The latest miracle: There is an AMIGA with more than 2 MB of Chip-Mem out there!! Really!! I read about it! ;-)

AWESOME!

Forget Chuck Norris, Spongebob doing BBQ UNDER WATER! :-D

But forget Spongebob too! Thomas doing more than 2 Megs in a AMIGA!! :-D

Its sooo exciting to see progress here, keep that fantastic work up!

of this 256MB memory, 128 is fast-to-be RAM.
Thomas did not made fastram controller so now fastram is static RAM
on CPU board that is supposed to be a cache.

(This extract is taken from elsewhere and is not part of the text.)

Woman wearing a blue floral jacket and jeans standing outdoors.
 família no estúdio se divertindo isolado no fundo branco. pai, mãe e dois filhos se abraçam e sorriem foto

so now it's 4MB of VERY-fast RAM :)

* giggles to himself * Can you imagine 2 MB chip RAM SAGA? hehehe

I would like to have 128 MB CHIP RAM + 128 MB FAST RAM, that too me sounds a perfect configuration!

Actualy you could if you interleave the memory but then you need some sort of MMU to do the chip/fastMem split. :(

But it will make hardware MUCH more complex and possibly slower.

the CPU cache would need to be write-through and extra snooping logic would be required - that will watch what rest of hardware wrote and update cache.

for CPU on separate board it will mean lots of traffic on S-zorro bus too.

Fast and chip memory separation is great idea in amiga - it simply removes these problems AT ALL by making chipram uncache'able, while fastram cache'able and separate.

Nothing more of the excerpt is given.